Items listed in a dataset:
━━━━━━━━━━━━━━━━━━━━
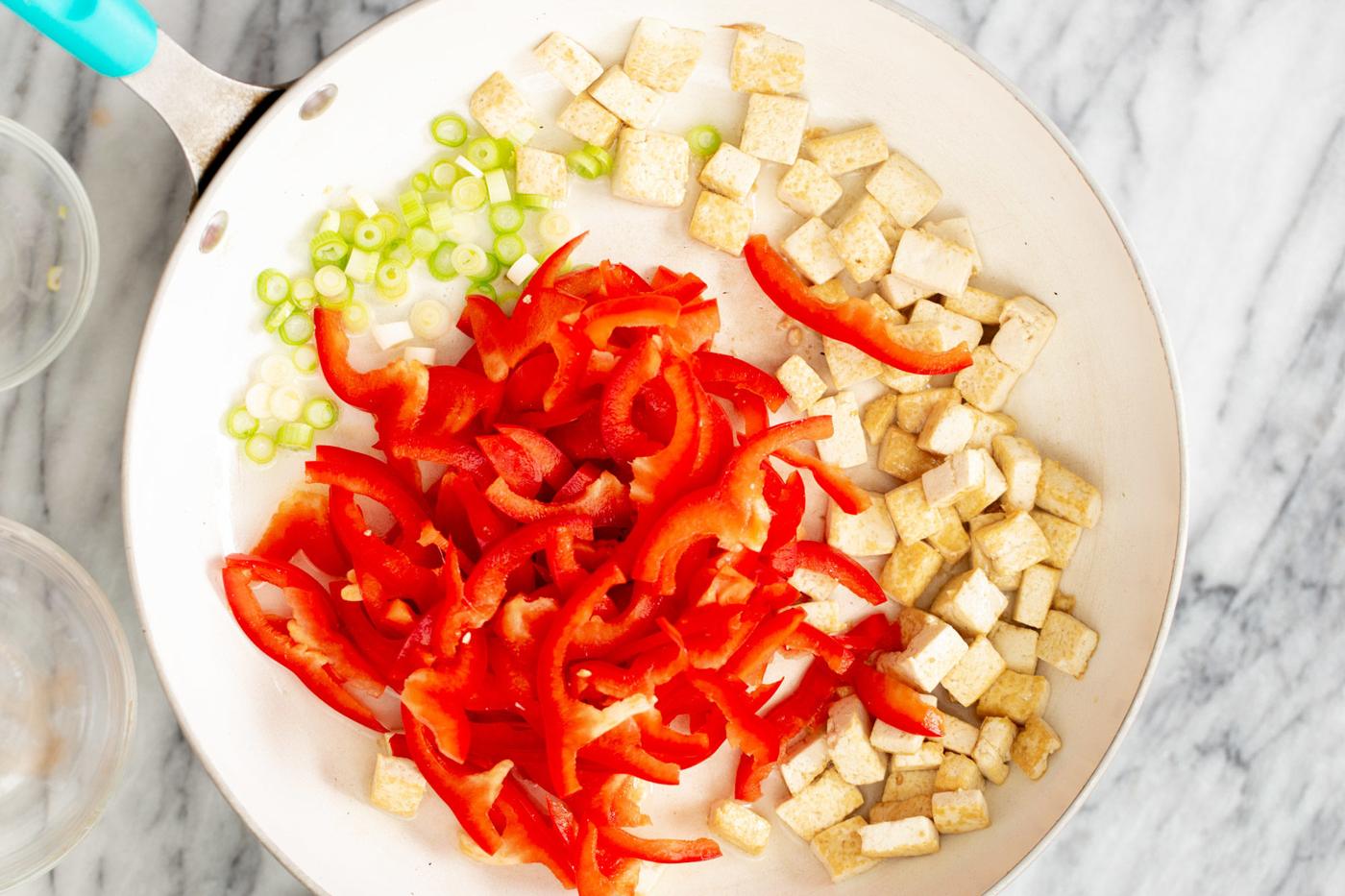 sliced bell peppers, green onion and tofu cubes being fried in a sauteeing pan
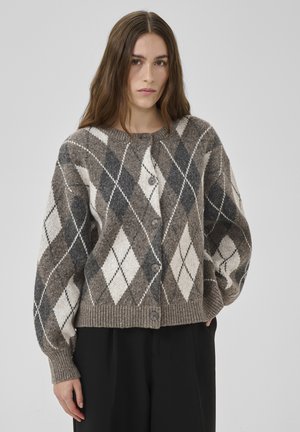 Mujer con cabello largo y castaño que lleva un cárdigan de punto con botones, de patrón romboidal gris y blanco, y pantalones negros, sobre un fondo liso.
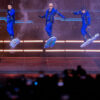 Die Backstreet Boys tanzen in blauen Outfits auf einer beleuchteten Bühne vor jubelndem Publikum.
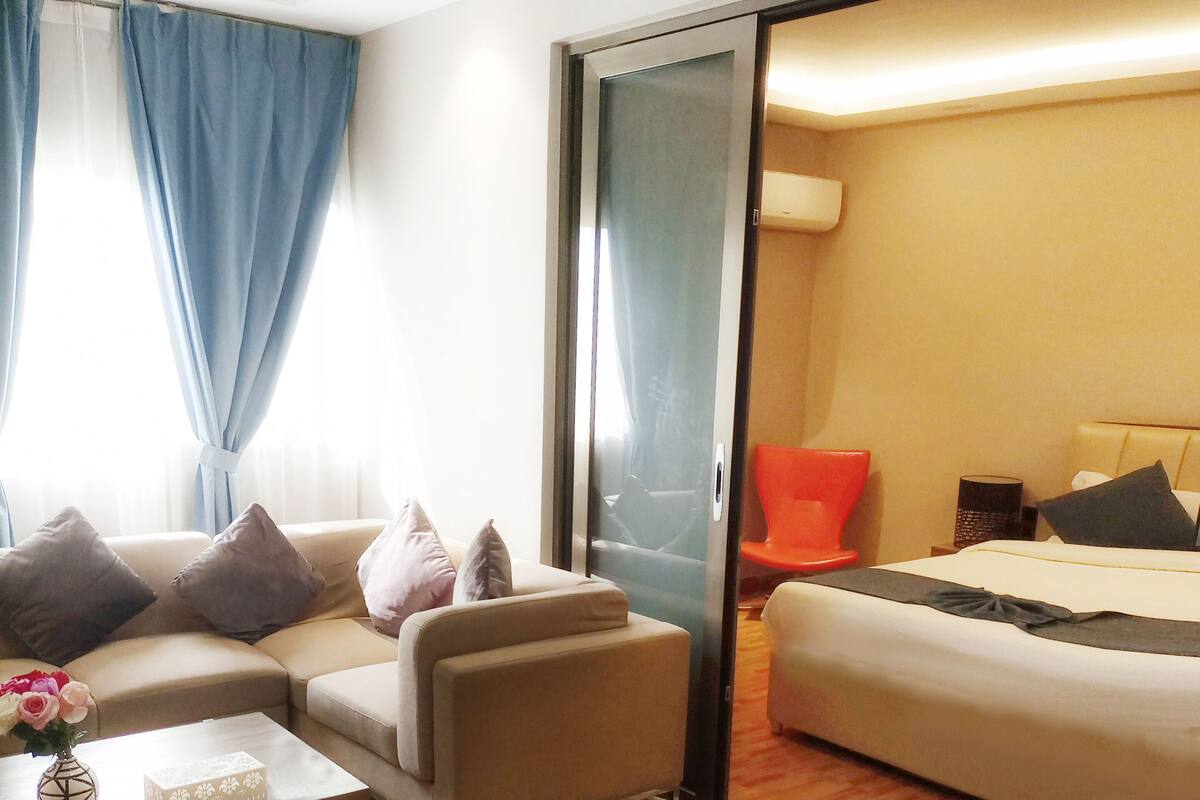 A modern hotel room with a sofa, a small coffee table with a vase of flowers, a bed with a headboard, and a sliding door leading to another room.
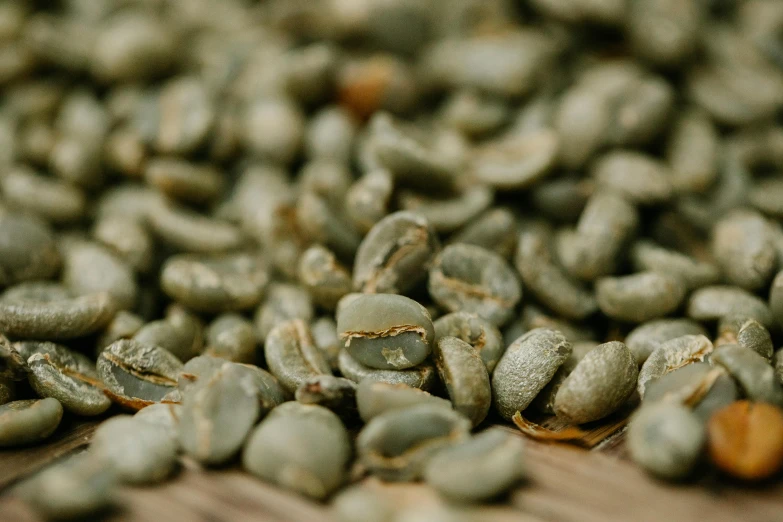 a pile of green coffee beans sitting on top of a wooden table, a macro photograph, by Emma Andijewska, trending on unsplash, background image, detailed product image, zoomed out to show entire image, thumbnail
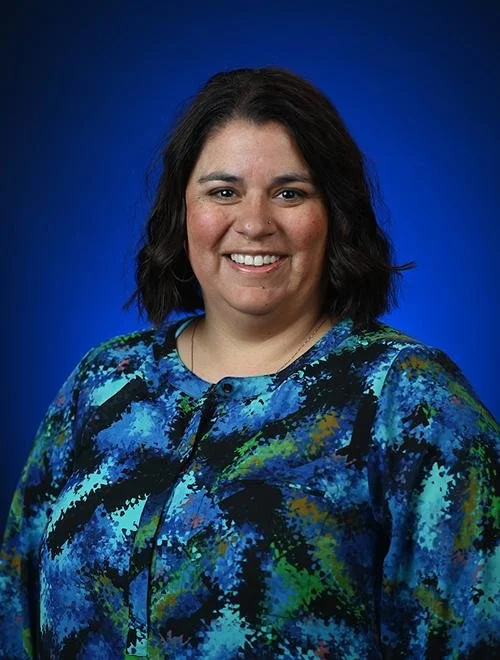 A woman with shoulder-length brown hair smiling, wearing a patterned blouse, against a blue background.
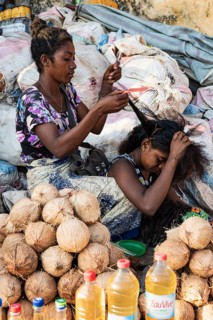 Two woman braiding hair, market stall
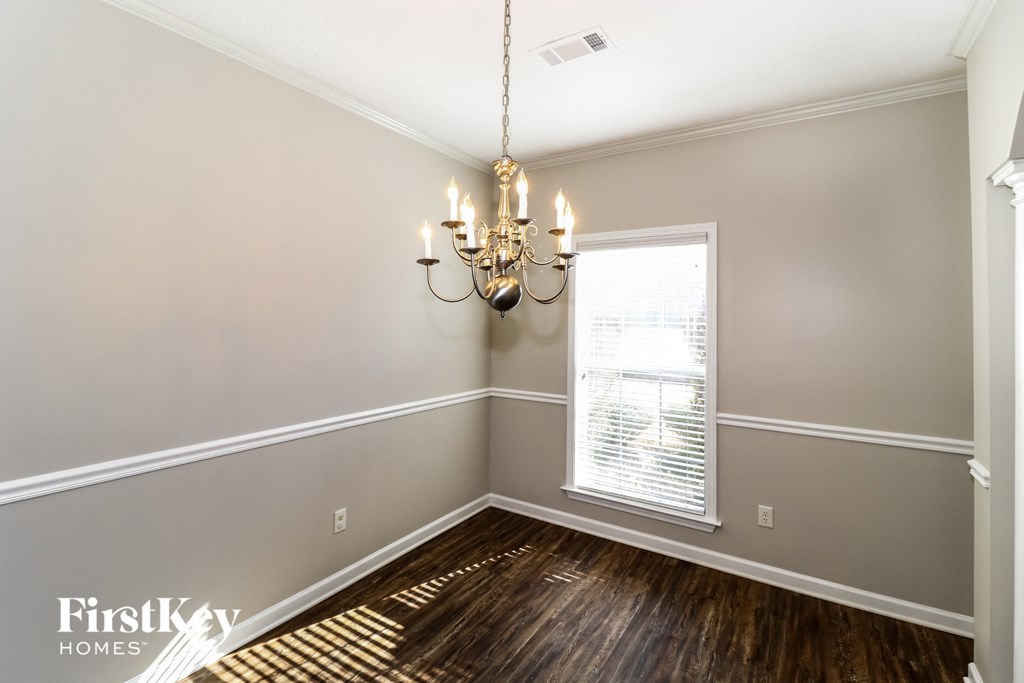 a dining room with a chandelier and a window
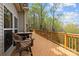 Spacious back deck with wooden furniture that's perfect for entertaining guests or relaxing outdoors at 9004 Cebu Ct, Fort Mill, SC 29708
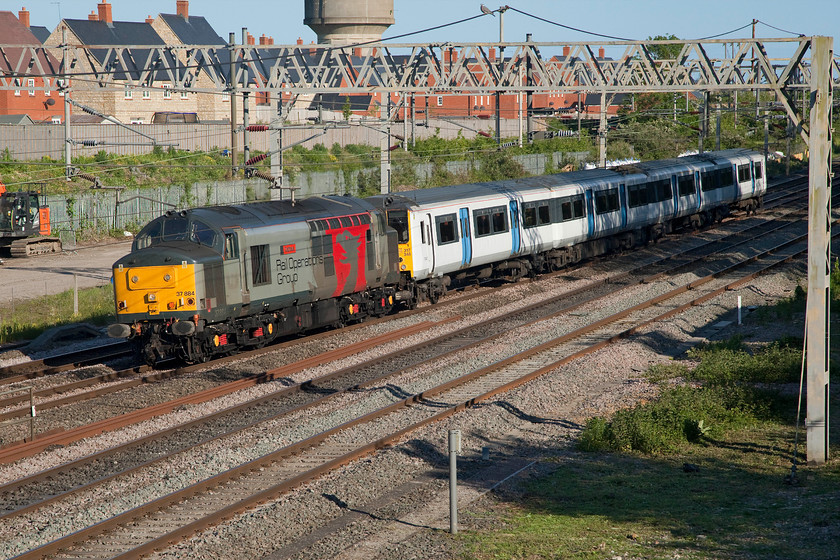 37884 & 317348, 16.12 Ilford EMUD-Kilmarnock (5Q08, 39E), site of Roade station 
 A diesel locomotive dating from 1963 tows a unit dating from 1982 making a combined age of 95 years old! 37885 'Cepheus' tows Greater Anglia 317348 'Richard A Jenner' past the site of Roade station. As the 5Q08 16.12 Ilford depot to Kilmarnock, the train will travel overnight to the Wabtec facility with a lengthy stopover at Carlisle in the 'wee small hours' eventually arriving at about 09.00. I am not absolutely sure as to why these units go to Scotland for a week as they are scheduled for withdrawal. The following day, 37884 brought back another unit, see...... https://www.ontheupfast.com/p/21936chg/29027254804/x0008-37884-317884-0011-0038-kilmarnock 
 Keywords: 37884 317348 16.12 Ilford EMUD-Kilmarnock 5Q08 site of Roade station ROG Rail Operations Group Greater Anglia GA Europheonix Richard A Jenner Cepheus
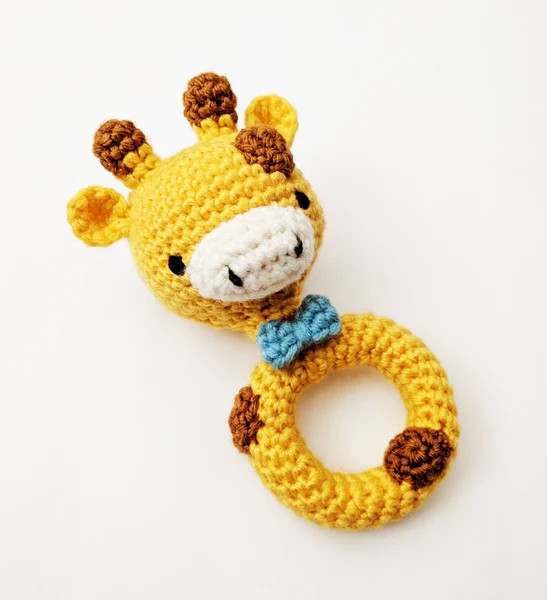 A cute crochet giraffe rattle.
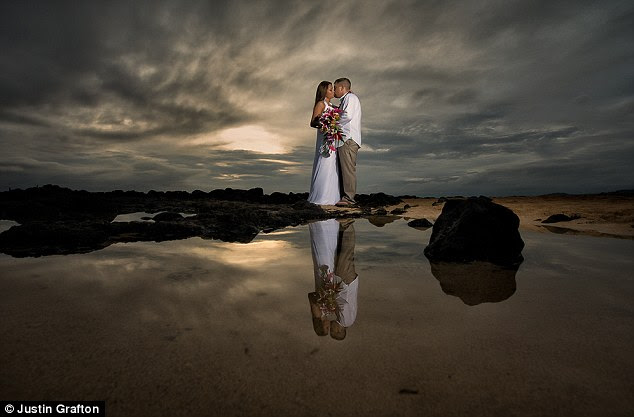 Island setting: A couple stand out in white against a dark and wet background in Kauai, Hawaii
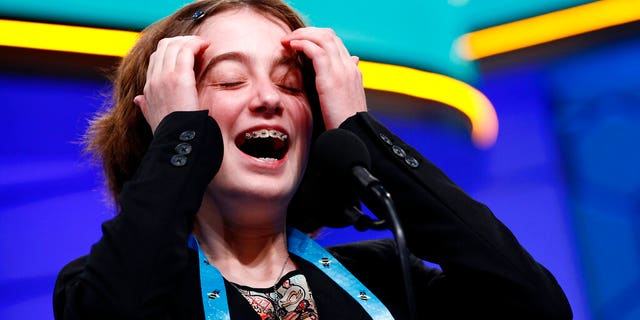 Colette Giezentanner, 12, from St. Louis, laughs as she takes to the finals of Scripps National Spelling Bee on Thursday. May 30, 2019 in Oxon Hill, Md.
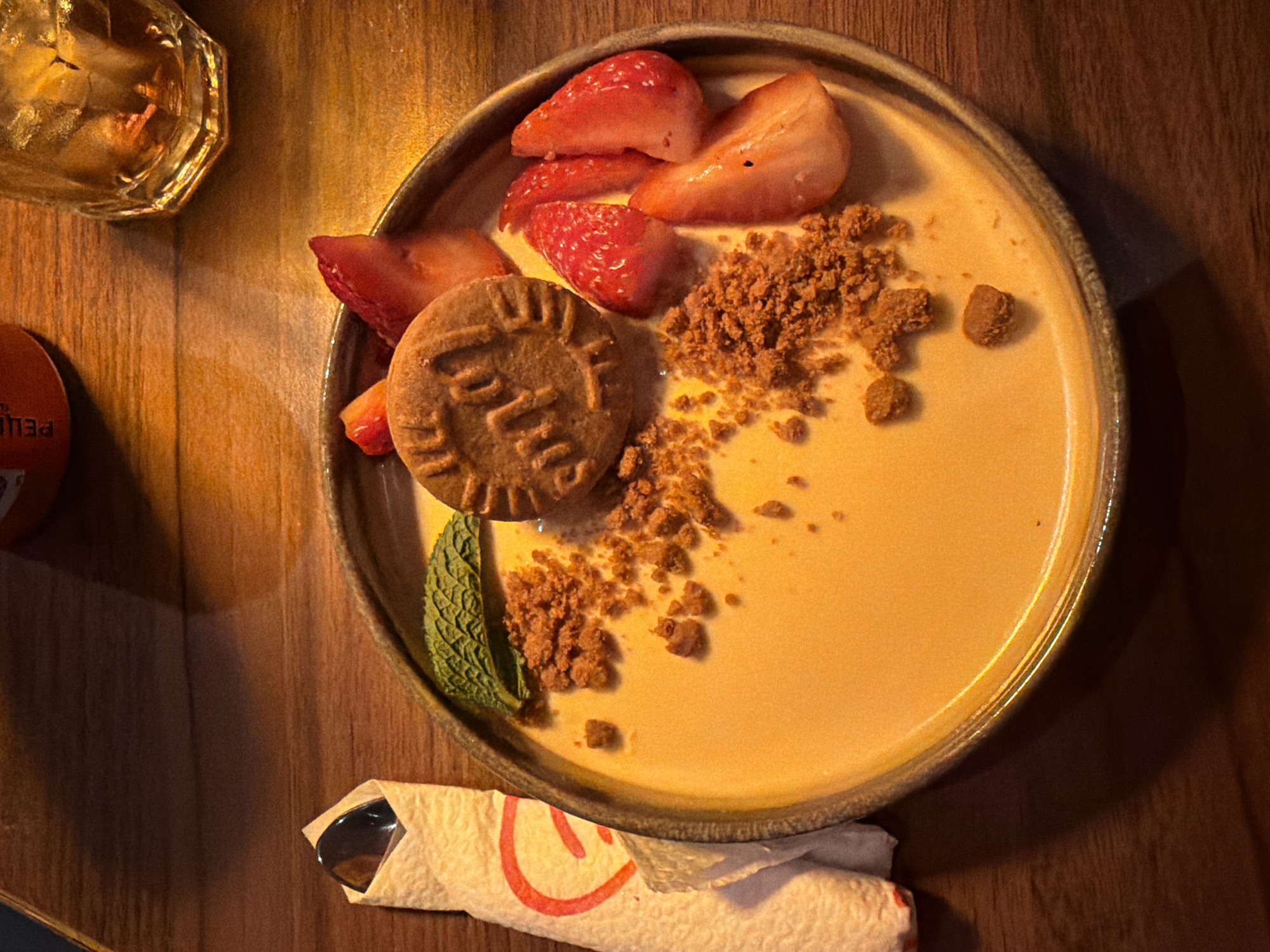 A close-up, overhead shot depicts a dessert plate on a wooden surface, possibly a table. The dessert consists of a circular, tan-colored plate holding a custard-like base. Arranged on top are sliced strawberries, crumbly brown cookie pieces, a single cookie with lettering on it, and a green mint leaf. Next to the plate is a glass of iced tea or a similar beverage and a wrapped utensil. An orange bottle is also visible in the top-left corner of the image. While the image does not provide direct information on the location, the implied setting is likely a restaurant or cafe. Without further data, pinpointing the exact location in Sofia, Bulgaria is impossible.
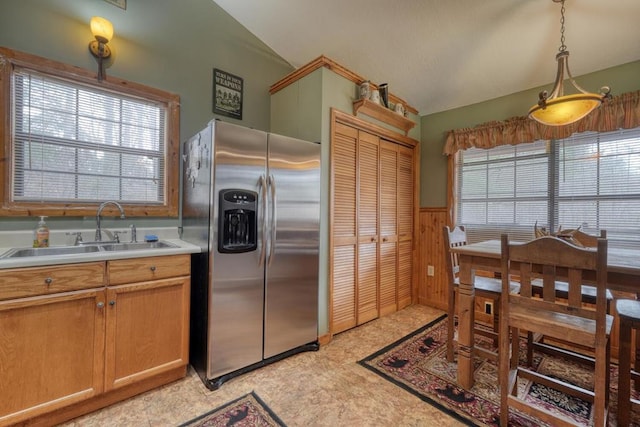 kitchen featuring a wealth of natural light, a wainscoted wall, vaulted ceiling, stainless steel refrigerator with ice dispenser, and a sink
━━━━━━━━━━━━━━━━━━━━
Now transcribe all the entries above exactly, so that no picture is carried over.

 sliced bell peppers, green onion and tofu cubes being fried in a sauteeing pan
 Mujer con cabello largo y castaño que lleva un cárdigan de punto con botones, de patrón romboidal gris y blanco, y pantalones negros, sobre un fondo liso.
 Die Backstreet Boys tanzen in blauen Outfits auf einer beleuchteten Bühne vor jubelndem Publikum.
 A modern hotel room with a sofa, a small coffee table with a vase of flowers, a bed with a headboard, and a sliding door leading to another room.
 a pile of green coffee beans sitting on top of a wooden table, a macro photograph, by Emma Andijewska, trending on unsplash, background image, detailed product image, zoomed out to show entire image, thumbnail
 A woman with shoulder-length brown hair smiling, wearing a patterned blouse, against a blue background.
 Two woman braiding hair, market stall
 a dining room with a chandelier and a window
 Spacious back deck with wooden furniture that's perfect for entertaining guests or relaxing outdoors at 9004 Cebu Ct, Fort Mill, SC 29708
 37884 & 317348, 16.12 Ilford EMUD-Kilmarnock (5Q08, 39E), site of Roade station 
 A diesel locomotive dating from 1963 tows a unit dating from 1982 making a combined age of 95 years old! 37885 'Cepheus' tows Greater Anglia 317348 'Richard A Jenner' past the site of Roade station. As the 5Q08 16.12 Ilford depot to Kilmarnock, the train will travel overnight to the Wabtec facility with a lengthy stopover at Carlisle in the 'wee small hours' eventually arriving at about 09.00. I am not absolutely sure as to why these units go to Scotland for a week as they are scheduled for withdrawal. The following day, 37884 brought back another unit, see...... https://www.ontheupfast.com/p/21936chg/29027254804/x0008-37884-317884-0011-0038-kilmarnock 
 Keywords: 37884 317348 16.12 Ilford EMUD-Kilmarnock 5Q08 site of Roade station ROG Rail Operations Group Greater Anglia GA Europheonix Richard A Jenner Cepheus
 A cute crochet giraffe rattle.
 Island setting: A couple stand out in white against a dark and wet background in Kauai, Hawaii
 Colette Giezentanner, 12, from St. Louis, laughs as she takes to the finals of Scripps National Spelling Bee on Thursday. May 30, 2019 in Oxon Hill, Md.
 A close-up, overhead shot depicts a dessert plate on a wooden surface, possibly a table. The dessert consists of a circular, tan-colored plate holding a custard-like base. Arranged on top are sliced strawberries, crumbly brown cookie pieces, a single cookie with lettering on it, and a green mint leaf. Next to the plate is a glass of iced tea or a similar beverage and a wrapped utensil. An orange bottle is also visible in the top-left corner of the image. While the image does not provide direct information on the location, the implied setting is likely a restaurant or cafe. Without further data, pinpointing the exact location in Sofia, Bulgaria is impossible.
 kitchen featuring a wealth of natural light, a wainscoted wall, vaulted ceiling, stainless steel refrigerator with ice dispenser, and a sink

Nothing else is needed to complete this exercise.